%%
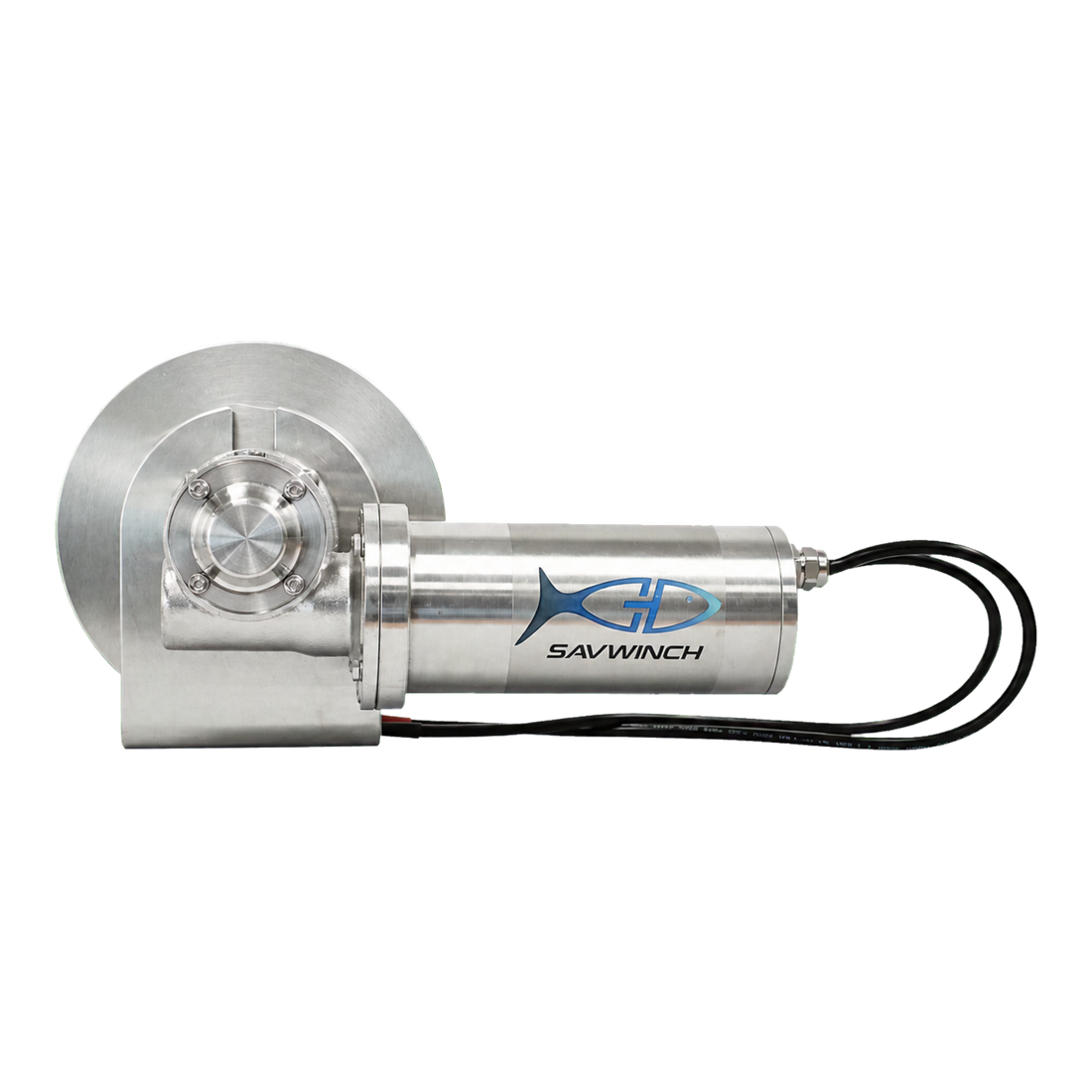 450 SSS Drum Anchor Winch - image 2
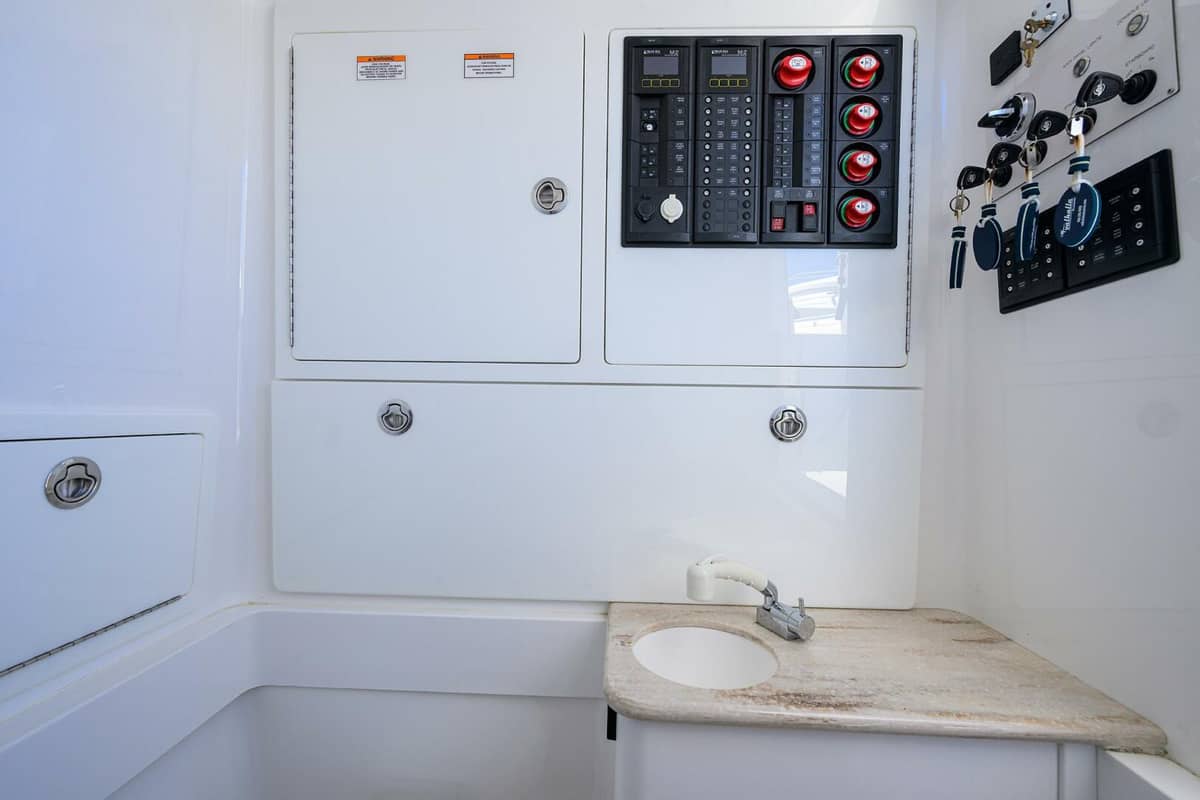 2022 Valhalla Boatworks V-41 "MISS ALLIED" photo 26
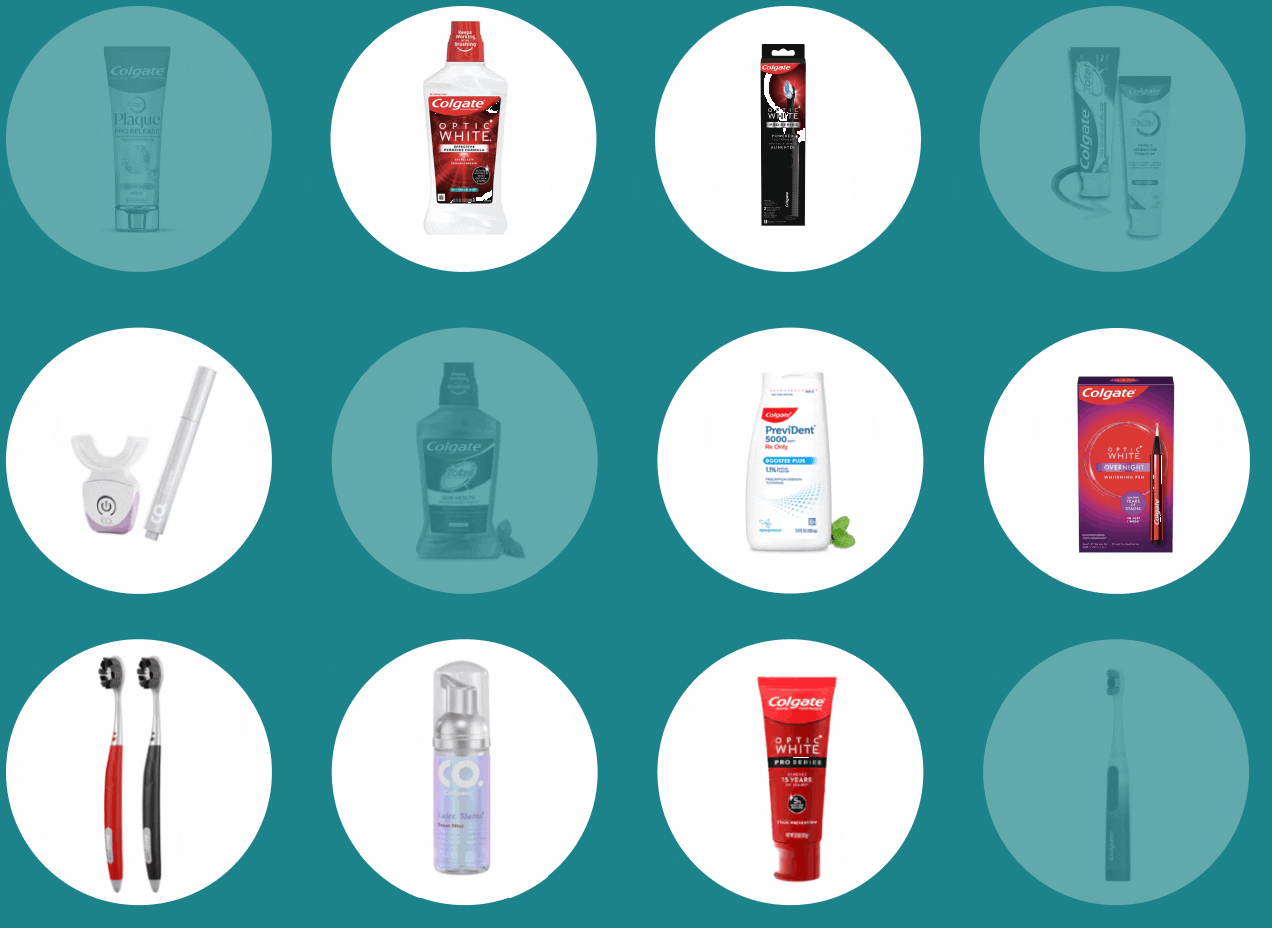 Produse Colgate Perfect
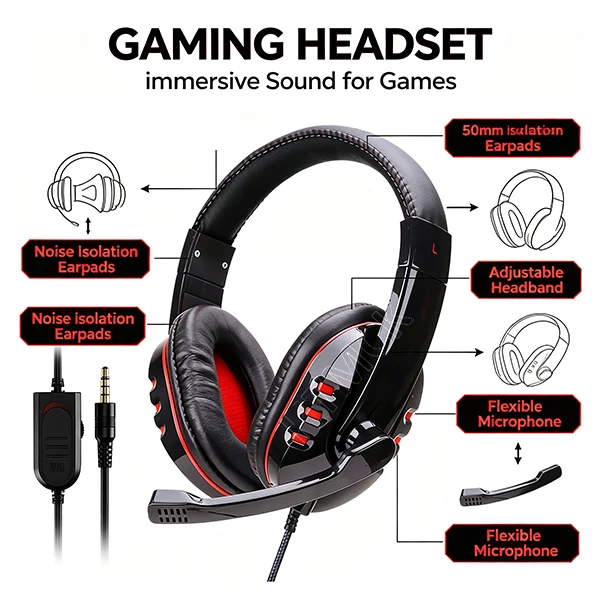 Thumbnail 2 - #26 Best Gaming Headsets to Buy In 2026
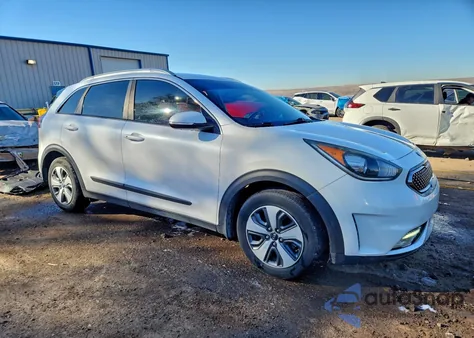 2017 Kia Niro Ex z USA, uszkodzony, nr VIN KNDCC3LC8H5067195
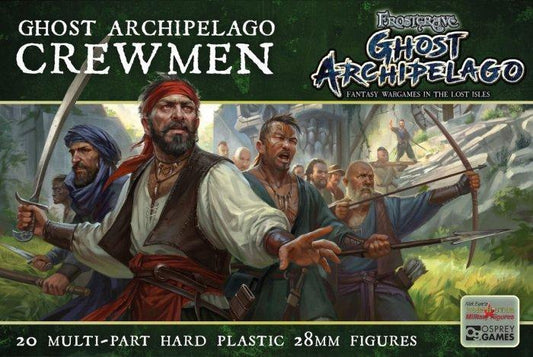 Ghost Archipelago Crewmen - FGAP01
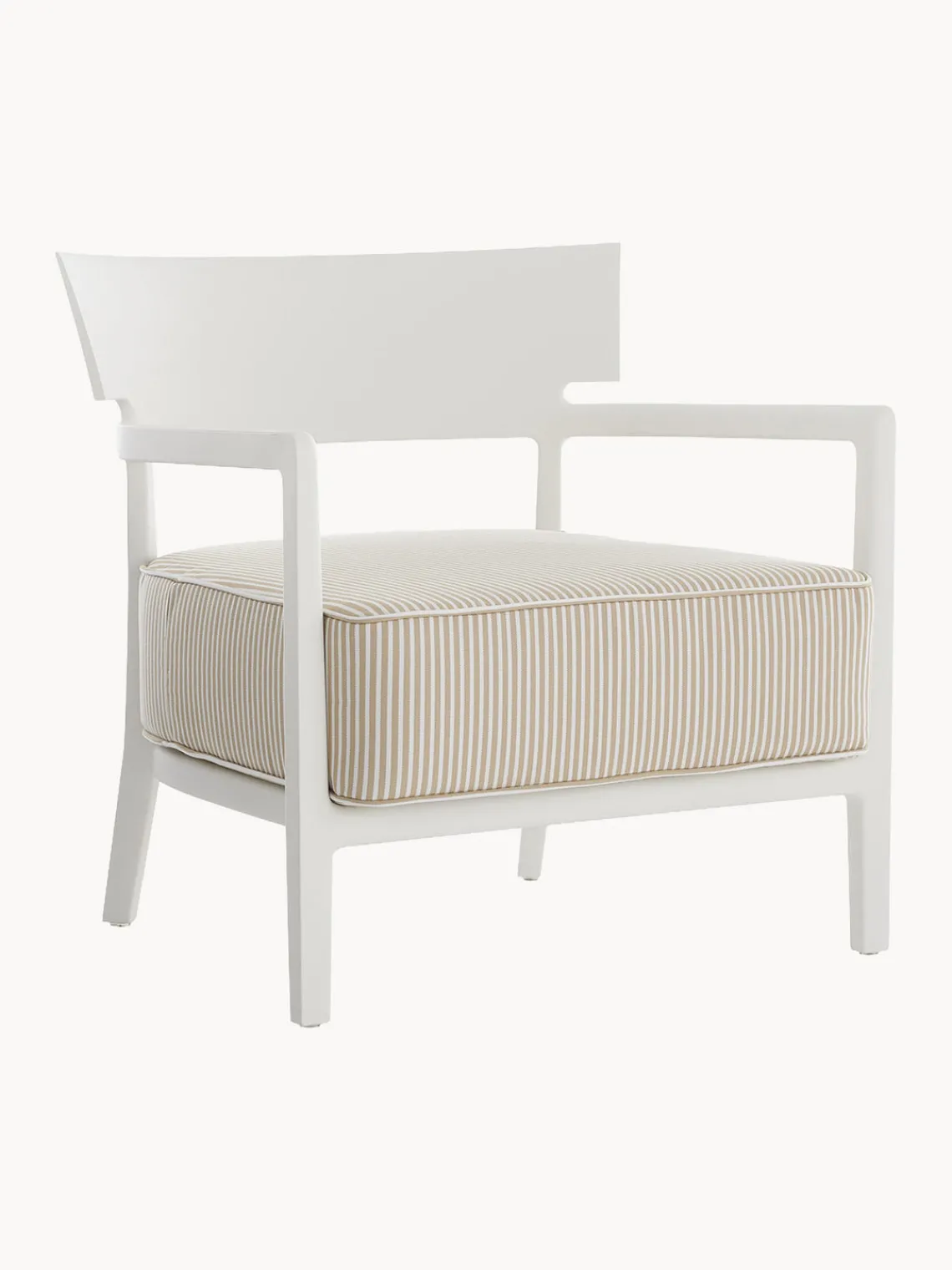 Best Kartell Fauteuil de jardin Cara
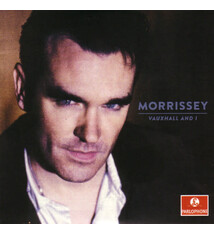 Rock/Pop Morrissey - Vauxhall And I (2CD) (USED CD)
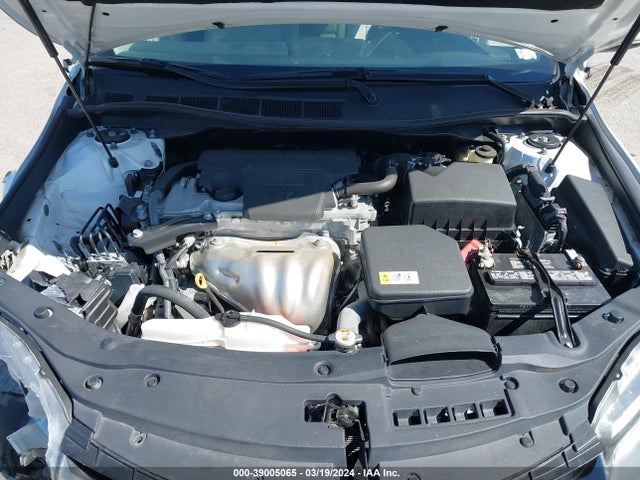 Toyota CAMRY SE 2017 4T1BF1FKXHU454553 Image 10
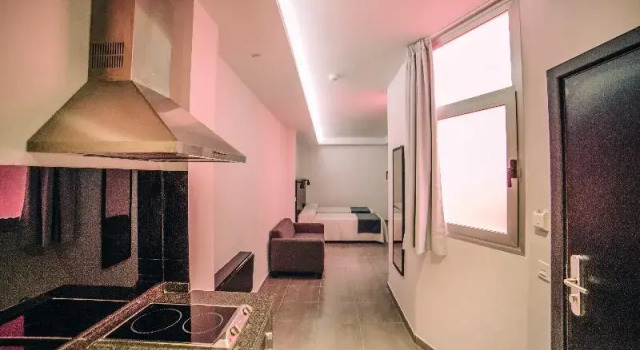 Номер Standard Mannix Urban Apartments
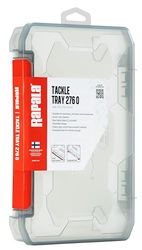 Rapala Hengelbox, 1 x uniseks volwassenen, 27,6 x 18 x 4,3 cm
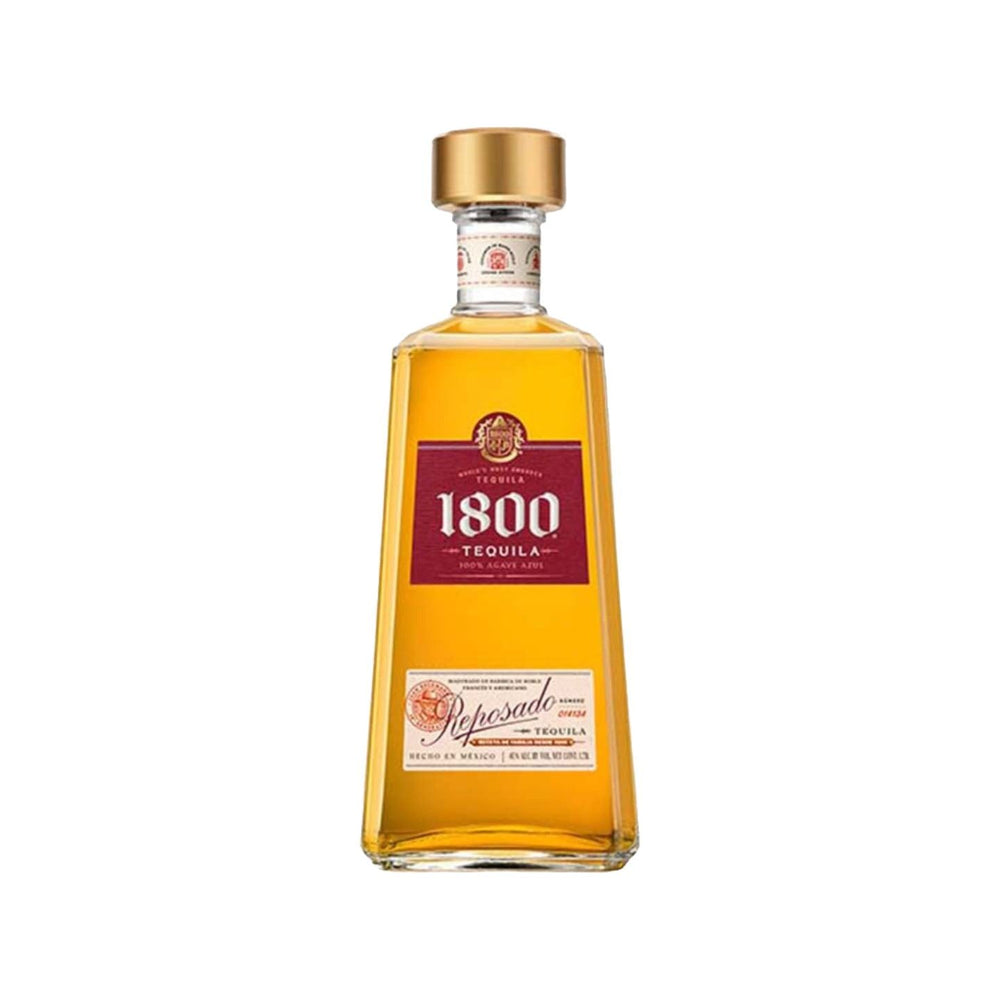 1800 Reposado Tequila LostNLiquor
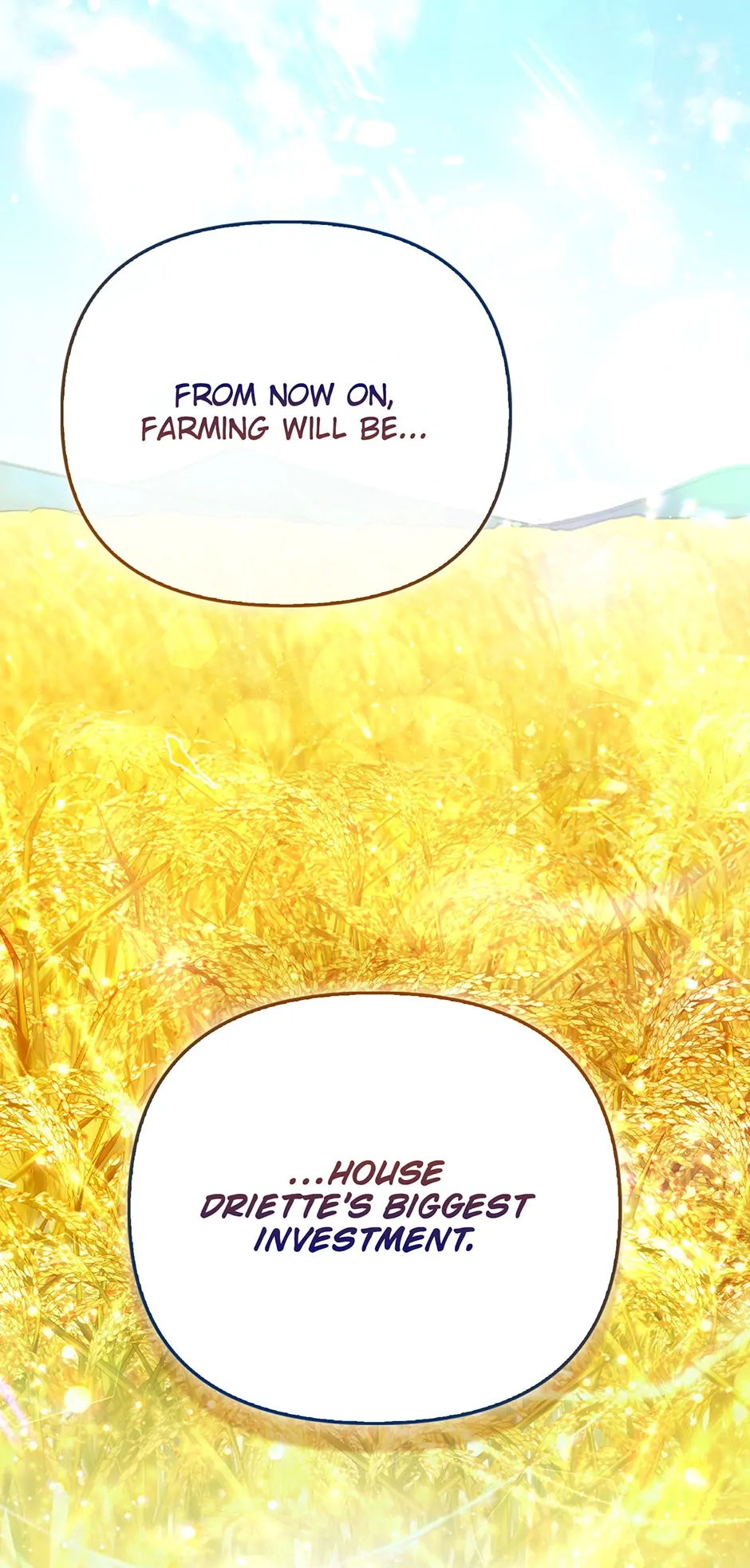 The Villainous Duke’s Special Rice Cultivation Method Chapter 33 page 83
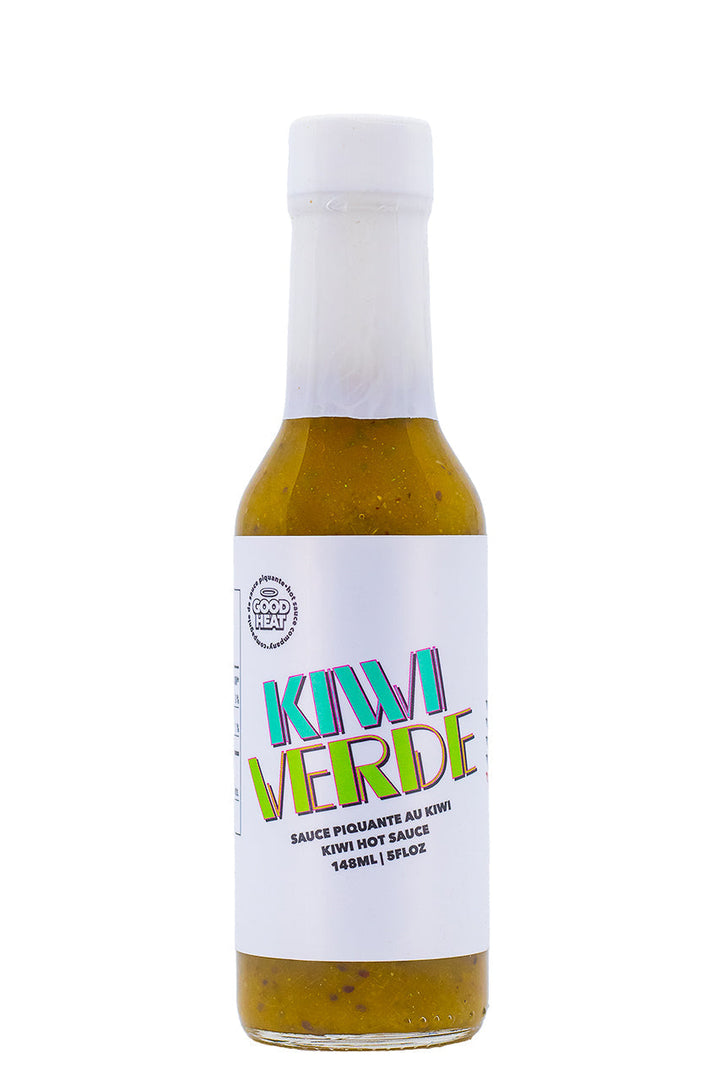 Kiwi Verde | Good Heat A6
%%
• _Directions for this task_
Beginning with the line containing "Rapala Hengelbox, 1" and ending with the last line of the data above, repeat each line exactly. Include no pictures and no other lines.

• _The answer_
 Rapala Hengelbox, 1 x uniseks volwassenen, 27,6 x 18 x 4,3 cm
 1800 Reposado Tequila LostNLiquor
 The Villainous Duke’s Special Rice Cultivation Method Chapter 33 page 83
 Kiwi Verde | Good Heat A6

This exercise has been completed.